The world's largest journalists' group, the International Federation of Journalists, has welcomed the announcement from the World Intellectual Property Organization that a new Copyright Treaty covering rights on the internet has been adopted by enough countries to come into force early next year.
"This major treaty brings international copyright agreements up to date with the changes in the digital age", said Aidan White, General Secretary of the IFJ.
However, the IFJ is still looking for improvement in international authors' rights policy, particularly to bring international standards more into line with European Union law. "The European Union countries have, through the directive on copyright and related rights in the Information Age, backed a policy line that strengthens the control that creators have over the use of their work," says the IFJ. "And this should provide a model for a new international framework for authors' rights."

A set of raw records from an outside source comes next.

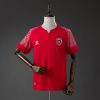 Camiseta Jordania 2026 — Segunda equipación (Diseño 02)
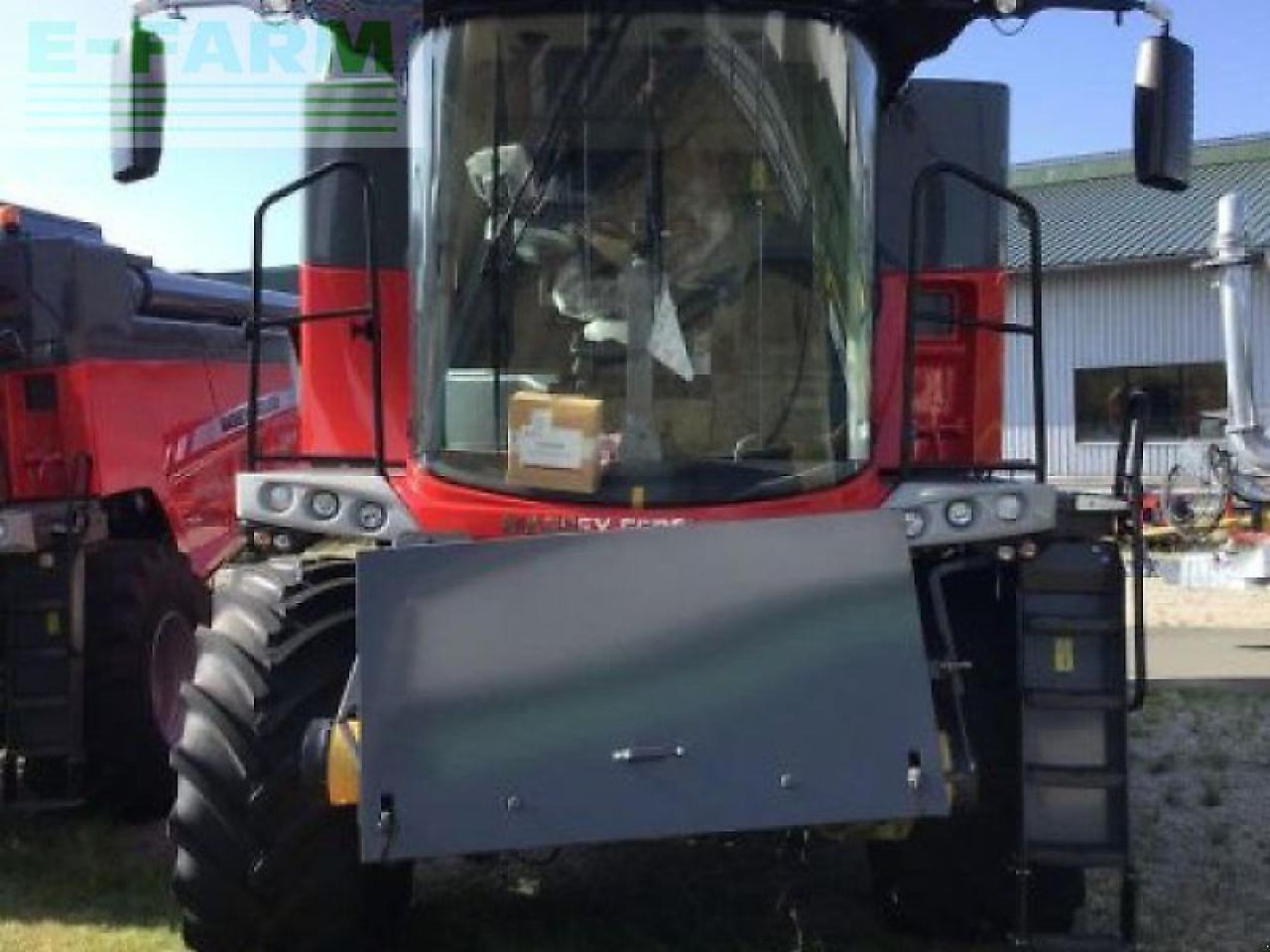 Massey Ferguson mf 7360pl beta mähdrescher mas - Kombajn za žetvu: slika Massey Ferguson mf 7360pl beta mähdrescher mas - Kombajn za žetvu Massey Ferguson mf 7360pl beta mähdrescher mas - Kombajn za žetvu: slika Massey Ferguson mf 7360pl beta mähdrescher mas - Kombajn za žetvu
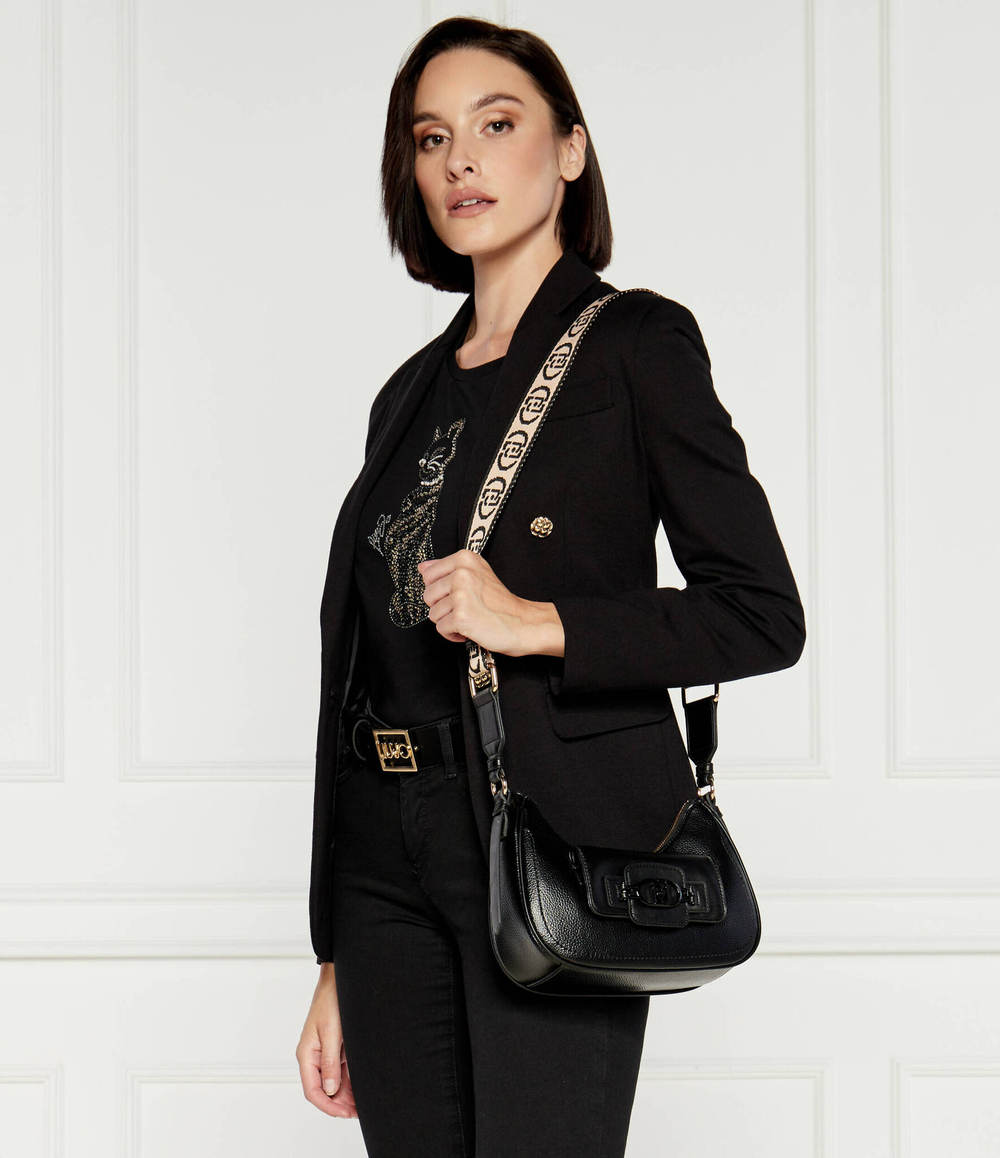 Сумка через плечо Liu Jo - черный(AF4032 E0031)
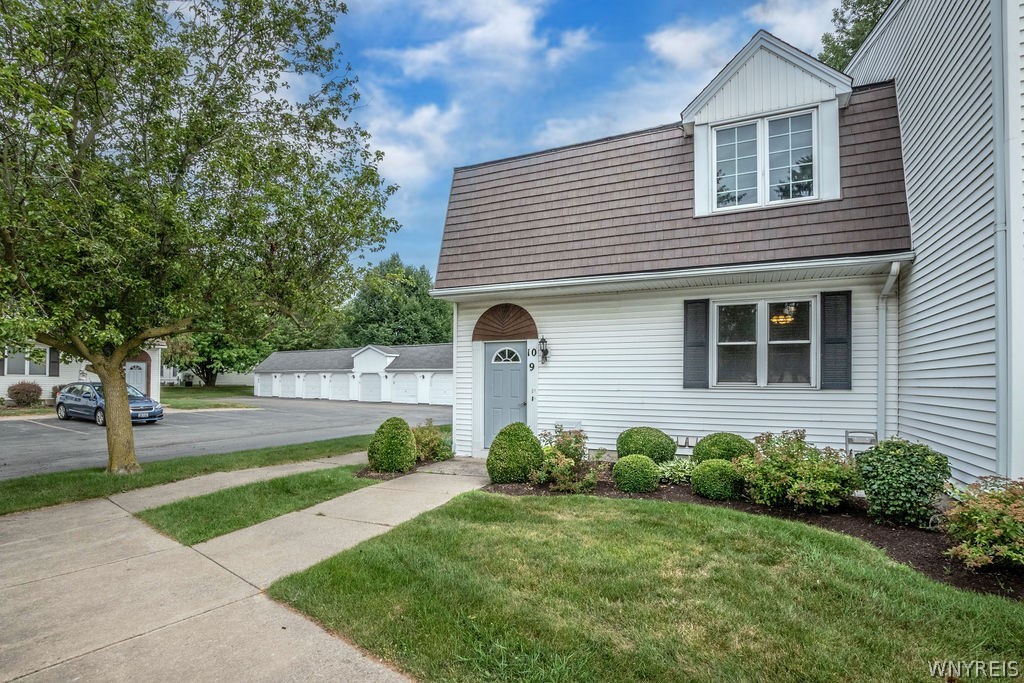 4755 Chestnut Ridge Road 9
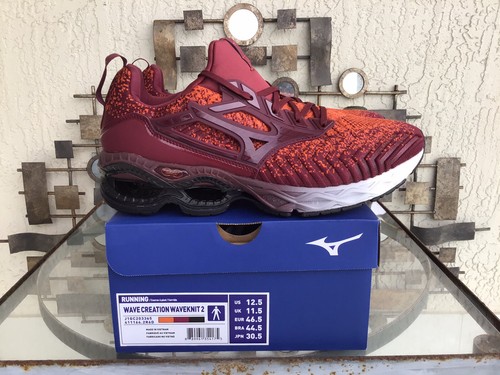 wave creation waveknit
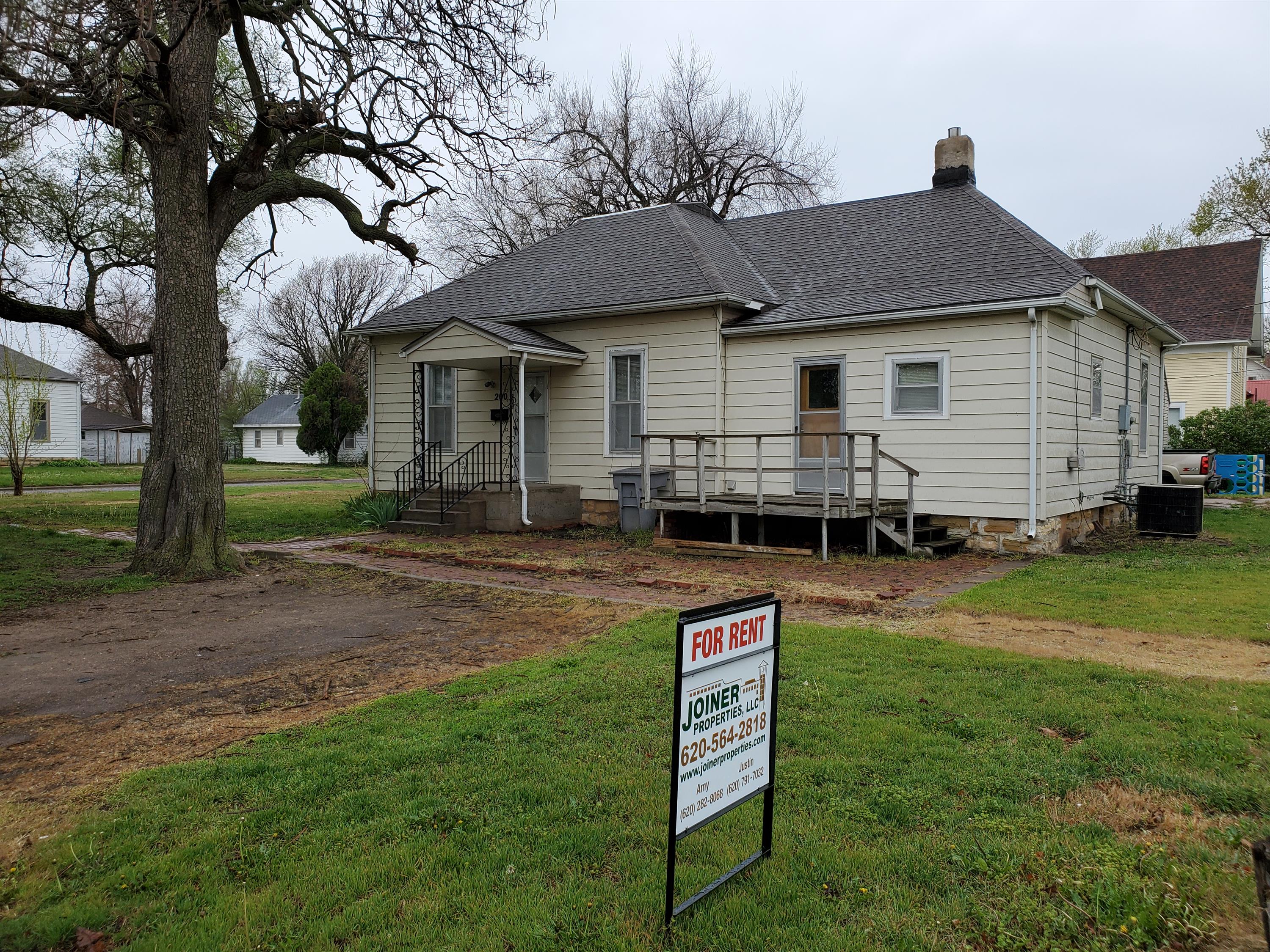 200 N. Humbolt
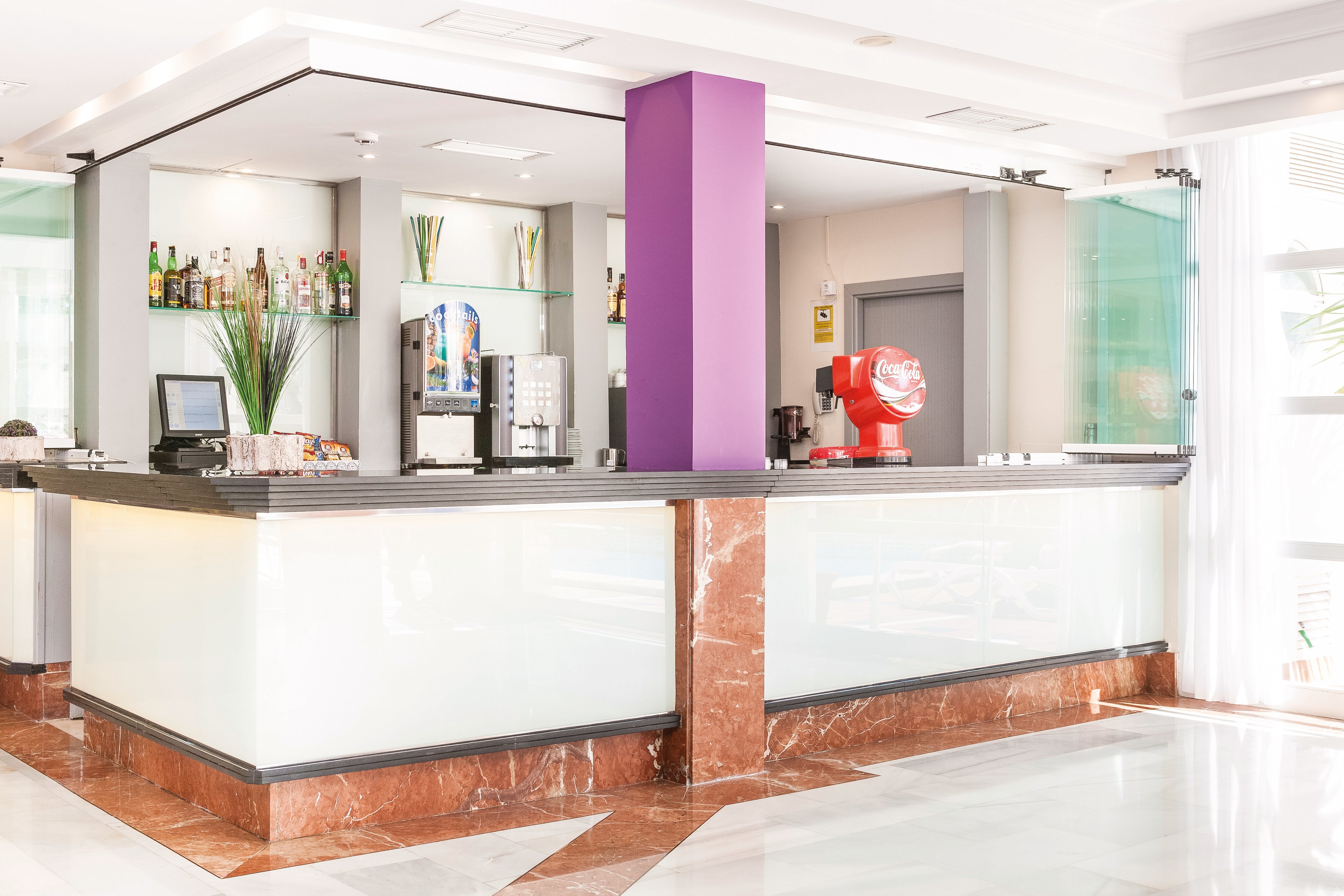 Globales Palmanova Palace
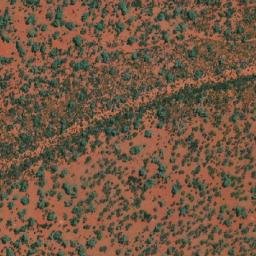 Satellite imagery of Joe Hill, AU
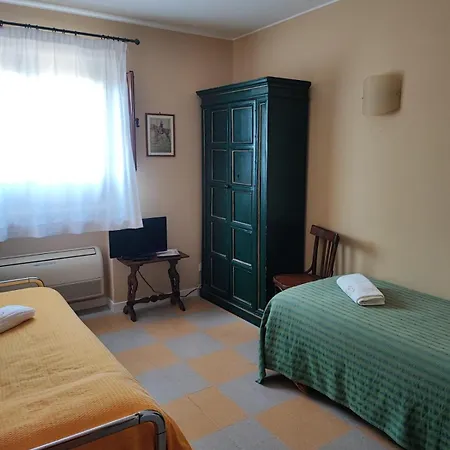 Farm stay Baglio Vecchio Castelvetrano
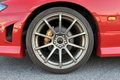 1999 Nissan SILVIA S15 Silvia Spec-R,  Aftermarket Aero,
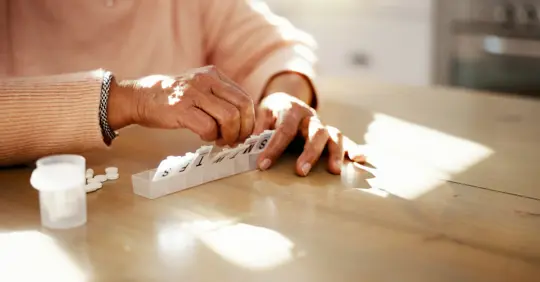 Prescription Medications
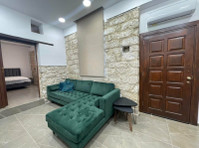 A lovely renovated listed ground floor apartment in the… - خانه ها
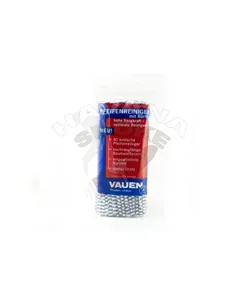 Ерши Vauen короткие (80 шт.)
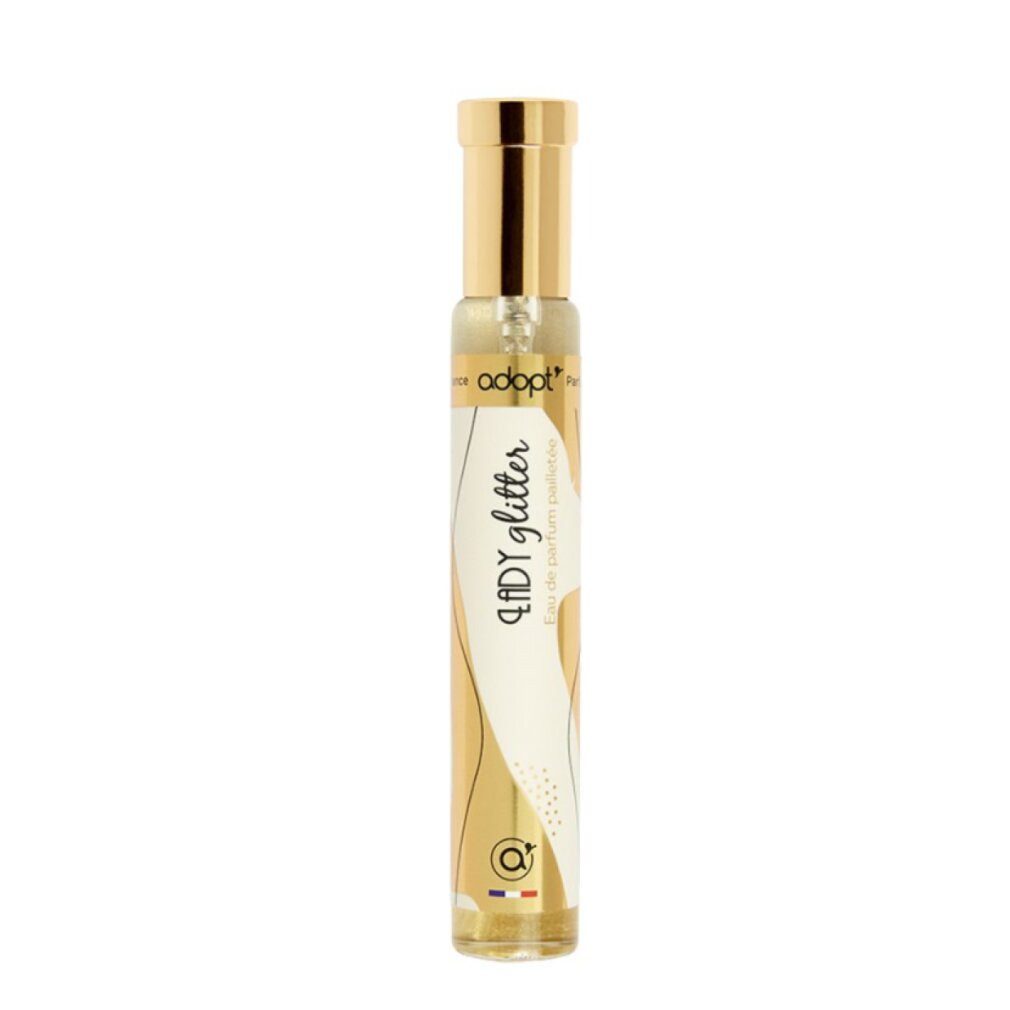 Eau de Parfum, Lady Glitter, Eau De Parfum, For Women, 30ml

WIPO announced that through Gabon's signature thirty countries have ratified the new copyright treaty and it will now take effect in March 2002. WIPO said two more signatures are required for the Performances and Phonograms Treaty, an allied agreement.
Countries signing the treaties have to provide the creators with a basic framework of rights, allowing them to control and be compensated for the use of their creations by others. The treaties ensure that right holders will be effectively protected when their works are disseminated over the Internet.
"At a European level, the battle between the Anglo-American system and the continental authors' rights system, which favors creators' interests, has been decided in favor of the creators," said Aidan White, "we want the same recognition at international level."
The IFJ has launched a worldwide campaign "Authors' Rights for All" which gathers best practices from all over the world and informs authors (especially journalists) about their rights.